Doch das reicht schon um zu wissen, dass in diesem Staat eine Organisation besteht, die ihr ganz eigenes Ding dreht. Ohne dass jemand weiß was diese Organisation macht oder Kontrolle darüber hat. Diese Organisation ist der Inlandsgeheimdienst namens Verfassungsschutz. Der Verfassungsschutz hat den Aufbau der NSU – Vorfeldtruppe namens „Thüringer Heimatschutz“ erst mit dem Zuschuss von mindestens 200 000 D – Mark ermöglicht. Wichtige Neonazi – Organisatoren im Thüringer Heimatschutz waren Mitarbeiter des Verfassungsschutz. Vielleicht stehen auch Mitglieder des NSU – Netzwerkes auf der Gehaltsliste des Verfassungsschutzes. Wie gesagt, wir werden es wohl nie erfahren.

Und was Lehren ziehen wir aus den beiden Ereignissen?

Beide Ereignisse wurden aus menschenverachtendem Hass getrieben.

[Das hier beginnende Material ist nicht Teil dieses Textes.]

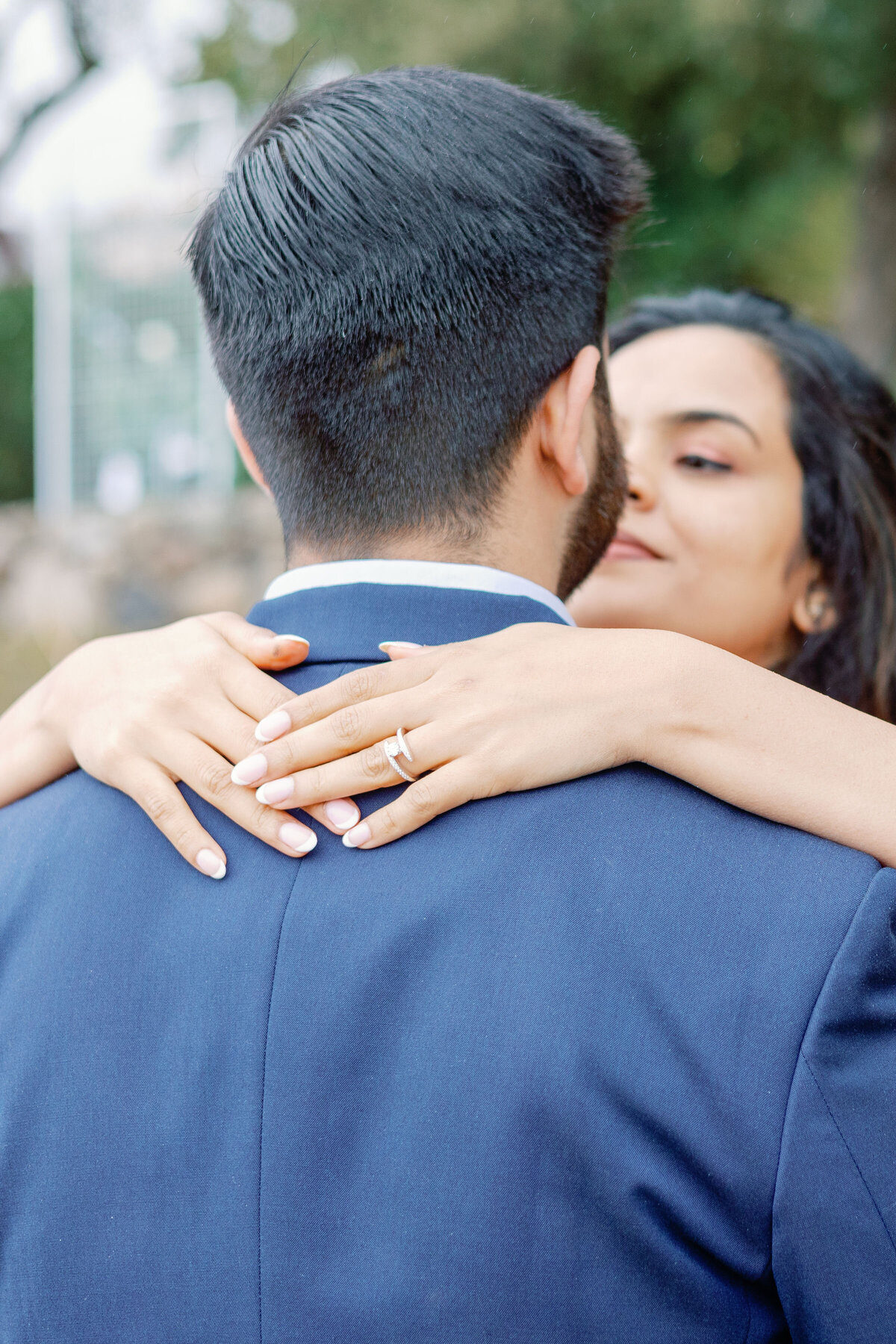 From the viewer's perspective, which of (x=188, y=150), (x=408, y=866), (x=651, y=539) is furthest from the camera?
(x=188, y=150)

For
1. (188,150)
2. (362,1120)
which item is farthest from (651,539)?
(188,150)

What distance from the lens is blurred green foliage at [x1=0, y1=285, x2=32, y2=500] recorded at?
1447 centimetres

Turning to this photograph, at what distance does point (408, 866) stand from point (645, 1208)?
1.39 ft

Der nationalsozialistische und auch der aktuelle demokratische deutsche Staat hatten direkt oder indirekt ihre Anteile an den schrecklichen Verbrechen.

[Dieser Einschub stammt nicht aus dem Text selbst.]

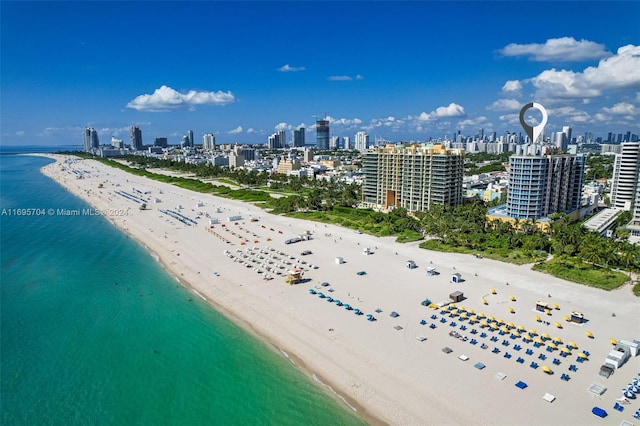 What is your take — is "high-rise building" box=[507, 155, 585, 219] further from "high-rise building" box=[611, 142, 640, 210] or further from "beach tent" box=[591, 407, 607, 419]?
"beach tent" box=[591, 407, 607, 419]

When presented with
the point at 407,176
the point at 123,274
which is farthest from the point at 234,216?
the point at 407,176

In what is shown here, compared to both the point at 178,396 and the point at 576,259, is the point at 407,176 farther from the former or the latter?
the point at 178,396

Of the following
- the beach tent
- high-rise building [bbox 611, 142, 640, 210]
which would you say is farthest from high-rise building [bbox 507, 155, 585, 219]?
the beach tent

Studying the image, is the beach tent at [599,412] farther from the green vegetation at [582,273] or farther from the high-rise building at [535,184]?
the high-rise building at [535,184]

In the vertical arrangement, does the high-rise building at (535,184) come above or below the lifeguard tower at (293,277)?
above

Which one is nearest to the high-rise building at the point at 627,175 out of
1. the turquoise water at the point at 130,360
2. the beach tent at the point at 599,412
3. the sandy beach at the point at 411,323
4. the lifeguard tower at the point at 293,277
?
the sandy beach at the point at 411,323

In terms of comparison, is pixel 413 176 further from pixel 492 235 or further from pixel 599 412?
pixel 599 412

Die Pogromnacht 1938 war der AUFTAKT zu einer in der Geschichte einmaligen Vernichtungsaktion an den europäischen Juden.
Es ist an der Zeit, dass die Mordserie des NSU das ENDE von Rassismus und Antisemitismus einläutet. Dies müssen wir zu unserem Auftrag machen! Auf allen Ebenen – politisch, sozial, kulturell gilt es menschenverachtende Tendenzen entgegenzutreten.

Dies heißt auch faschistische Organisationen und ihre staatlichen Unterstützer entschlossen zu bekämpfen und handlungsunfähig zu machen!

Das heutige Gedenken an die Opfer des 09. November 1938 sollte uns auch die Kraft dazu geben.